The History of the Reformation

Blessings,


----------



## Michael Doyle (Nov 10, 2009)

I third Williamsons


----------



## Glenn Ferrell (Nov 10, 2009)

You may want to check out these lectures by David Silversides, pastor of the Loughbrickland RPCI in Ulster:

SermonAudio.com - Sermons by Rev David Silversides

You might also search this Loughbrickland Sermon Audio page for other lectures under "special events."


----------



## Michael (Nov 10, 2009)

Welcome Andrew!


----------



## Wayne (Nov 10, 2009)

Now that we're on to welcomes,


----------



## Andrew Short (Nov 11, 2009)

*Westminster 2*

Is Truths we confess good? I think I read an article where Sproul denies that God ordains everything. Silversides has a lecture set on the shorter catechism. very cheap so I might get that.
I am interested in lecture sets from Whitefield Theological Seminary - Home 

By the way, has anyone reformed the complete 1650 Psalter on cd?
_____________
Andrew Short
lay-person
Reformed Church of Canberra
Reformed Church of Canberra


----------



## jogri17 (Nov 11, 2009)

Andrew Short said:


> Is Truths we confess good? I think I read an article where Sproul denies that God ordains everything. Silversides has a lecture set on the shorter catechism. very cheap so I might get that.
> I am interested in lecture sets from Whitefield Theological Seminary - Home
> 
> By the way, has anyone reformed the complete 1650 Psalter on cd?
> ...



No RC Sproul never said that. Can you please provide me with a link to that source?  I have a feeling it is a very high supralasparian fundamentalist in personality kinda guy that one encounters _temps en temps_ online. In the minds of an elect few if one doesnt believe in: supralasparianism, eternal justification before faith, eternal union with Christ, etc... you are an ''arminian in calvinist clothing'' (to use the language of someone on the internet in reference to Bavinck!) or not truely confessional or not ''consistent'' (whenever people talk on the internet in reformed formum about being ''philosophically consistent'', ''logical'', or taking a posistion to the ''logical conclusion'' many times you are dealing with someone who thinks they are Vantalian but has not studied him greatly and are going off a surface level knowledge of him or its just RedBeetle). There is also the possibility of him being a hypercalvinist also but lets not get into that debate of defining what a hypercalvinist is  (google Curt Daniel and buy a copy of his dissertation for the best explanation of hyper calvinism).

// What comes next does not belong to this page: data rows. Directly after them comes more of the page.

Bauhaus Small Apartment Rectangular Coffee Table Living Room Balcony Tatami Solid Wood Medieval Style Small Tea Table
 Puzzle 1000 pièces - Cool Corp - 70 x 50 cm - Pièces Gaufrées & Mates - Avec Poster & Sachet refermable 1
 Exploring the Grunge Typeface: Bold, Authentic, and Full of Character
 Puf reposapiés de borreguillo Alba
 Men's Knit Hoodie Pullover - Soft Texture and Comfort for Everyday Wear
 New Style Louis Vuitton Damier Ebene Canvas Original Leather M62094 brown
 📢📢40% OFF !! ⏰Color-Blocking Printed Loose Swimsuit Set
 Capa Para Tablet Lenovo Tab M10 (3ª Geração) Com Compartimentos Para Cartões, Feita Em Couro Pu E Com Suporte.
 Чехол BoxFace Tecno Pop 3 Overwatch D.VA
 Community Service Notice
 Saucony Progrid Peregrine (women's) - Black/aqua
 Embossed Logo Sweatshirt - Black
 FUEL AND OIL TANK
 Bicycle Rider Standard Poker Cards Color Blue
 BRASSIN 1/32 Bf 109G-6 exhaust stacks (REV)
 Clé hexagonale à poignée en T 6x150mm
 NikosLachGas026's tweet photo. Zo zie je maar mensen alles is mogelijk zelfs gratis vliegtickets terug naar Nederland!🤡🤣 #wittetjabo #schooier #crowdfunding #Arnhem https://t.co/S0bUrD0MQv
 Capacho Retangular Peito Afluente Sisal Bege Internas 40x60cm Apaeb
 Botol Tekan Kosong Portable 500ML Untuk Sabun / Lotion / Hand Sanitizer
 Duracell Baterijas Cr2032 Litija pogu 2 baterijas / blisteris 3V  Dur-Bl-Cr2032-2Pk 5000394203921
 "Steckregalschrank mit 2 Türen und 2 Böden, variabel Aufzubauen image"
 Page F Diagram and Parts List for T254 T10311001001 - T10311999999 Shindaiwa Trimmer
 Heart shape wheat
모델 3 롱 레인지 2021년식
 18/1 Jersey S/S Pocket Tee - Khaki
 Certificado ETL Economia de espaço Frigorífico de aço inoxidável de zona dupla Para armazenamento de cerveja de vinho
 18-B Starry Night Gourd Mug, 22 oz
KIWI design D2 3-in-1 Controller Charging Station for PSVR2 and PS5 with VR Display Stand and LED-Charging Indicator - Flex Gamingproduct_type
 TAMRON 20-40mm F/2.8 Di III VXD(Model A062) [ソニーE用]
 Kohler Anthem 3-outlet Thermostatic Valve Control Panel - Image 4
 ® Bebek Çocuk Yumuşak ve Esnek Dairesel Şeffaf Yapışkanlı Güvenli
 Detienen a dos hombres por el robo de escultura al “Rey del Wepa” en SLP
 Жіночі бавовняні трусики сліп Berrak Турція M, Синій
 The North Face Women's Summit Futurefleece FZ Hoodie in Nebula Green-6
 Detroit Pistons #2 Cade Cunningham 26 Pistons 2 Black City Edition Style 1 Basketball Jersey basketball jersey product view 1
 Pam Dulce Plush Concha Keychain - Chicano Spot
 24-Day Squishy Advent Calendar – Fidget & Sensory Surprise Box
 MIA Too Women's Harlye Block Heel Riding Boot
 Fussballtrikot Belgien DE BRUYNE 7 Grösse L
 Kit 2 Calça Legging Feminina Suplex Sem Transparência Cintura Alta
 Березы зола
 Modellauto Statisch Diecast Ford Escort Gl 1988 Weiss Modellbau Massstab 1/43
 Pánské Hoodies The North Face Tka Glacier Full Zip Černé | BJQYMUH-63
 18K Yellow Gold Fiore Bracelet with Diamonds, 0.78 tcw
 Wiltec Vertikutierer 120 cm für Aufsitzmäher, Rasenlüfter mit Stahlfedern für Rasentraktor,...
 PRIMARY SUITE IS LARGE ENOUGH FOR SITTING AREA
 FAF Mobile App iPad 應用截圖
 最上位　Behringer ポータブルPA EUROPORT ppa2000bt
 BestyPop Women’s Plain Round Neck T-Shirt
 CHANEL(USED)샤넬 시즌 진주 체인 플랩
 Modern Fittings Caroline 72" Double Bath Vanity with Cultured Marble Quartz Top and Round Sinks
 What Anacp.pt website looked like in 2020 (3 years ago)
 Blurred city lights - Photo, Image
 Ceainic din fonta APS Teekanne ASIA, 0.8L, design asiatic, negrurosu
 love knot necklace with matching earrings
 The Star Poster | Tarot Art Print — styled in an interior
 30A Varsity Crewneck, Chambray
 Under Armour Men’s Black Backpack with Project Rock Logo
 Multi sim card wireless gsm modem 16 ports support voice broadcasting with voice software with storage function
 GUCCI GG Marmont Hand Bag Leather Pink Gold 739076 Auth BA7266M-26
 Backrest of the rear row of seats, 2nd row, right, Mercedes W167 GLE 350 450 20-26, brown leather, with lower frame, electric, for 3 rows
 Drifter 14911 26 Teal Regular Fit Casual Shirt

In any case, the 3 volumes are a treasure and a great intro if you do not know anything about the WCF but if you know the theology behind it its kinda just classic RC SProul. same anecdotes, style of writting, etc... But its good for beginners and I am planning on buying the 3 volumes as a gift for my Pastor's daughter for xmas who is a friend because she is going to be making her profession of faith soon... she is like my little sister here in Québec.


----------



## Andrew Short (Nov 11, 2009)

*I stand corrected*

the article is "Double" Predestination by R.C. Sproul that appears to just be against supralapsaranism. Personally I am supra but don't make it a test for fellowship.

_____________
Andrew Short
lay-person
Reformed Church of Canberra (in Australia)


----------



## westminken (Nov 11, 2009)

You might want to get Sinclair Ferguson's lecture set on CD from wtsbooks.com.


----------



## Wayne (Nov 11, 2009)

Something new: just picked up (and paid for!) a copy of Robert Letham's latest--_The Westminster Assembly: Reading Its Theology in Historical Context_ (P&R, 2009), 399pp.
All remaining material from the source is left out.